Es ist jedes Mal stockdunkel, wenn Attila (38) aus der ungarischen Grenzstadt Sopron Richtung Österreich losfährt. Der vierfache Familienvater ist als Lagerarbeiter in einem großen Möbelhaus im niederösterreichischen Vösendorf tätig. Arbeitsbeginn ist frühmorgens um vier Uhr. Die Autofahrt hin und zurück beträgt eineinhalb Stunden.

Attila hat „Glück“, kann er sich doch beim täglichen Pendeln mit einem ungarischen Kollegen, der ebenfalls in Sopron wohnt, hinter dem Steuer abwechseln. „So kann ich bei der Hin- oder Rückfahrt etwas schlafen“, sagt Attila mit einem müden Lächeln. Schlaf, den er angesichts seiner Arbeitszeit in aller Frühe bitter nötig hat. Immerhin: Die frühmorgendliche Schicht habe auch ihren Vorteil. „So kann ich zu Mittag schon nach Hause fahren und den Nachmittag mit meinen Kindern verbringen“, sagt Attila.

Warum er die Strapazen überhaupt auf sich nehme? Das habe nicht zuletzt finanzielle Gründe, erklärt er. Einerseits sei sein Einkommen mindestens zwei Mal so hoch wie in Ungarn, wobei er hierzulande noch dazu ein 13. und 14. Gehalt bekomme, andererseits werde er als Arbeitnehmer in Österreich künftig auch eine weit höhere Pension beziehen als seine Landsleute, die in Ungarn arbeiten. Zum Vergleich: Während der Durchschnittslohn in Ungarn rund 1000 Euro beträgt, beläuft er sich in Österreich auf über 2000 Euro.
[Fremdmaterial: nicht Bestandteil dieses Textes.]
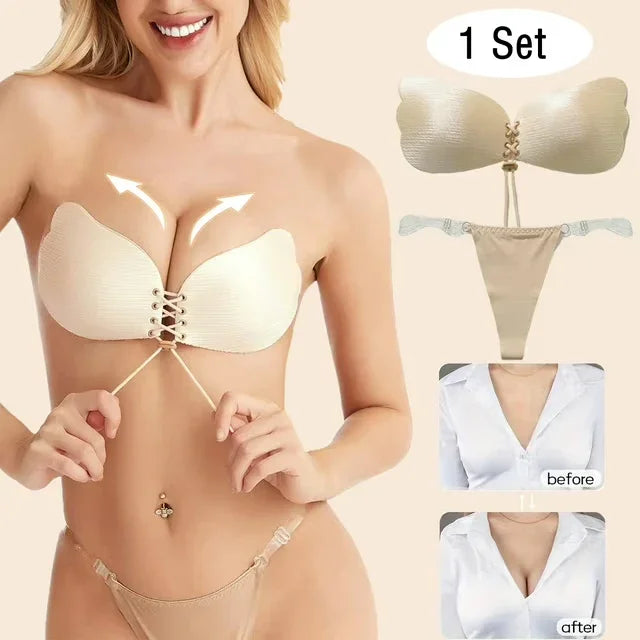 Viomisha 1 Set Women Sticky Bra And Thong Briefs Backless Strapless Bra Push Up Breathable Underwear Adhesive Invisible Lift Up Bras - Viomisha Viomisha 1 Set Women Sticky Bra And Thong Briefs Backless Strapless Bra Push Up Breathable Underwear Adhesive Invisible Lift Up Bras - Viomisha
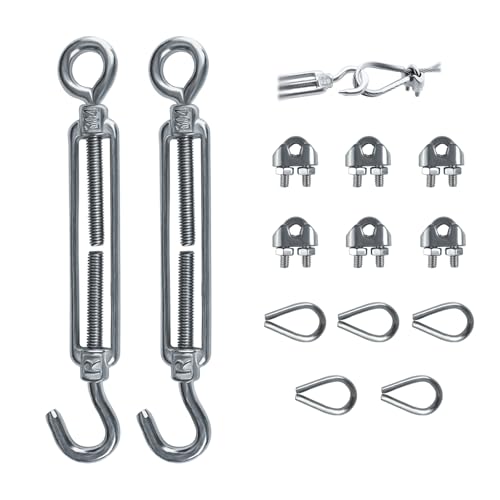 2 Stück Spannschloss M6 Seilspanner Edelstahl, Verstellbare Spannschlösser Drahtspanner Set, 5 Stück 3mm Drahtseil Kauschen, 6 Stück 3mm Seilklemmen für Seil, Kletterpflanzen, Sonnensegel, Zaunspanner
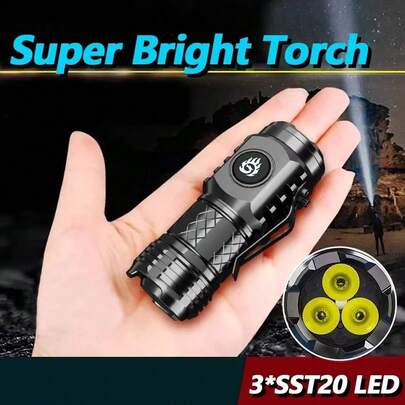 1/2/4pcs 3LED Mini Flashlight, Rechargeable, Ultra Bright Waterproof, Suitable For Hiking, Camping, Fishing And Other Outdoor Activities, Portable Flashlight With Clip, Can Be Used As Work Light.
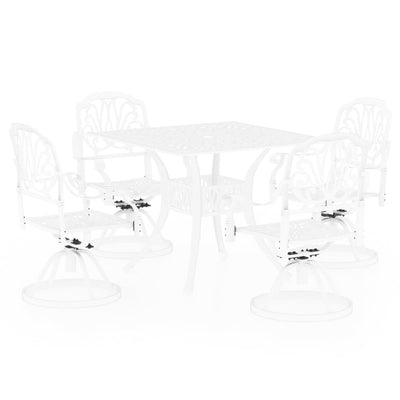 5 Piece Bistro Set Cast Aluminium White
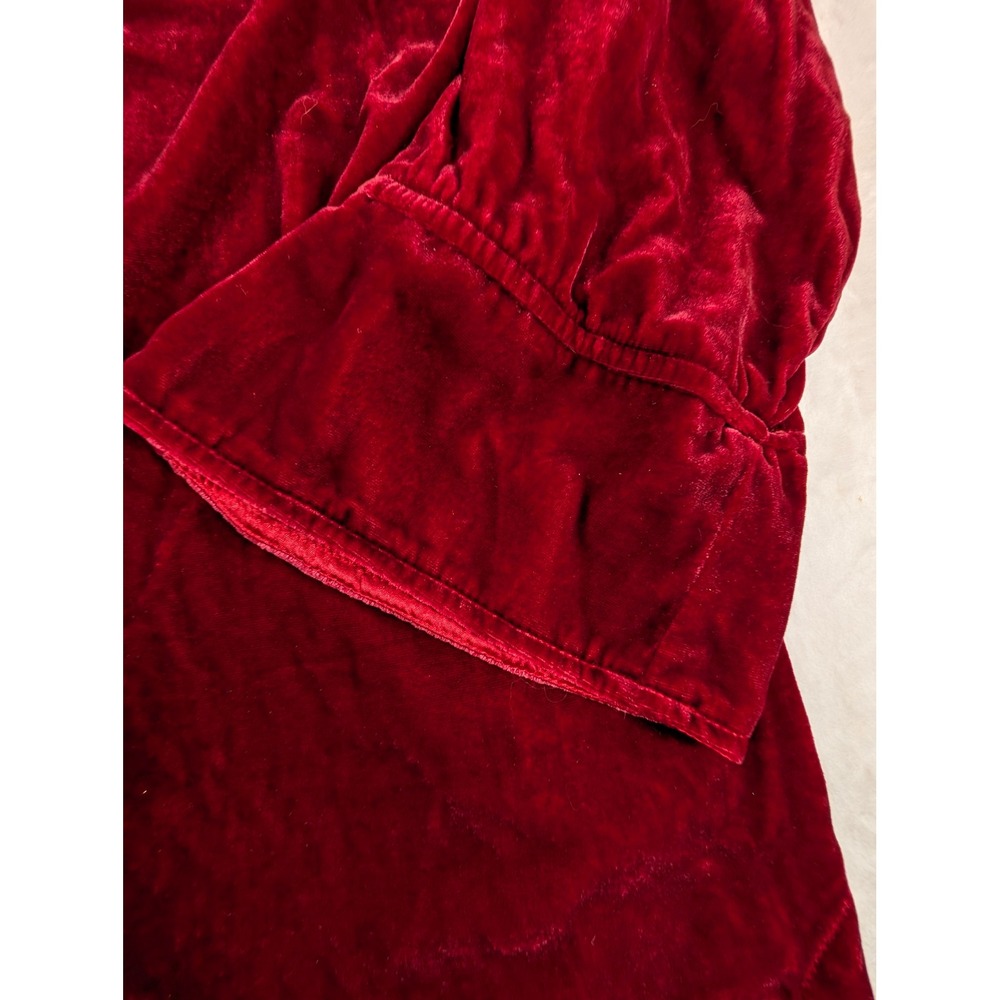 John Mark Womens 1X Red Velvet Button Front Shirt Bell Cuff Wired Collar Artsy - Picture 6 of 13
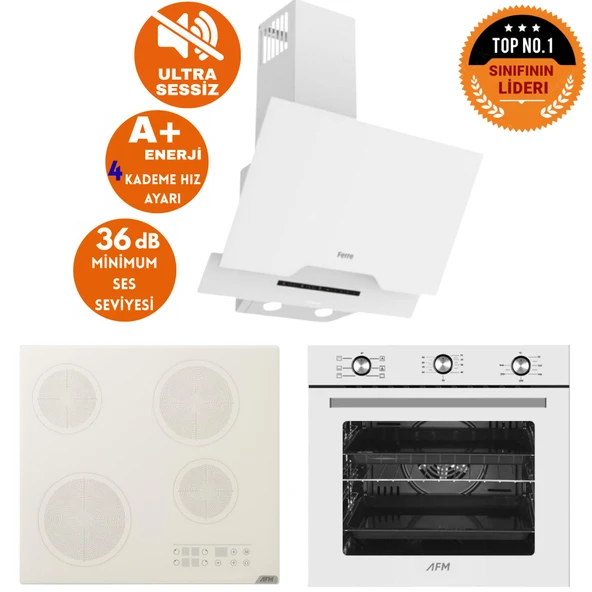 AFM Tech ve Ferre Marka RALEO Ultra Sessiz Elekt Vitro Beyaz Ankastre Set( D064-SA+ V5-04 + FM7601) ürün görseli 1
Bei den Pensionen klafft die Schere noch weiter auseinander.

Laut aktuellen Zahlen der österreichischen Sozialversicherungsanstalt arbeiten heute mehr als 124.000 Magyaren in Österreich. Damit stehen die Ungarn im Kreis der ausländischen Arbeitskräfte in Österreich an der Spitze, noch vor den Deutschen (rund 123.000). Die meisten von ihnen arbeiten in Niederösterreich (über 23.000), im Burgenland (knapp 23.000) und in Wien (knapp 22.000) – im Burgenland beispielsweise sind zwei Drittel der ausländischen Arbeitskräfte Magyaren.

Bauwesen und Gastronomie.

Das Gros der ungarischen Arbeitskräfte in Österreich ist zum einen im Bauwesen und Dienstleistungssektor, vor allem im Gastgewerbe, zum anderen in der Schönheitsindustrie und im Pflegebereich tätig. Für die österreichischen Arbeitgeber und die ungarischen Arbeitnehmer ist es praktisch eine Win-win-Situation. Schließlich gibt es in Österreich seit Jahren einen Arbeitskräftemangel. Das heißt, dass hierzulande über 100.000 Stellen offen sind, in der touristischen Hauptsaison noch weit mehr.

Andererseits ist auch im Kreis der Magyaren die Bereitschaft, in Österreich zu arbeiten, sehr hoch. Insbesondere in den westlichen Regionen Ungarns, die an Österreich grenzen, streben sehr viele auf den österreichischen Arbeitsmarkt. Laut der österreichischen Personalvermittlungsfirma Trenkwalder sind im westungarischen Komitat Vas 69 Prozent der Arbeitnehmer bereit, ins Ausland zu gehen, die meisten davon nach Österreich. Ähnlich sieht die Situation in den südwestungarischen Komitaten Somogy (59 Prozent) und Baranya (65 Prozent) aus. Mehr noch: Wie das ungarische Wochenmagazin „Hvg“ berichtet, sind mehr als 15 Prozent der in Ungarn kursierenden Stelleninserate auf den österreichischen Arbeitsmarkt ausgerichtet.

Die Abwanderung von Arbeitskräften aus Ungarn ist aber nicht nur finanziellen Erwägungen geschuldet. Viele Magyaren suchen auch aus politischen Gründen das Weite. Ákos etwa lebt mit seiner Frau und seinen zwei Kindern seit einem Jahr im südlichen Speckgürtel von Wien. Hinter vorgehaltener Hand sagt er, dass für den Umzug nach Österreich vor allem die „autoritäre Politik“ der Regierung von Viktor Orbán ausschlaggebend gewesen sei. Dabei hebt er vor allem den „zerrütteten Zustand“ der ungarischen Schulen hervor, was das „Werk der Regierung Orbán“ gewesen sei. „In Österreich haben meine Kinder eine echte Perspektive, in Ungarn dagegen nicht“, sagt er.

Kein Einzelfall. Seit der im Mai 2011 erfolgten Öffnung des österreichischen Arbeitsmarkts für Arbeitskräfte aus Ungarn ist die Zahl der ungarischen Schüler hierzulande um das Fünffache gestiegen. Allein 2022 wurden mehr als 1360 ungarische Kinder in österreichischen Bildungseinrichtungen angemeldet. Viele pendeln dabei aus grenznahen ungarischen Regionen.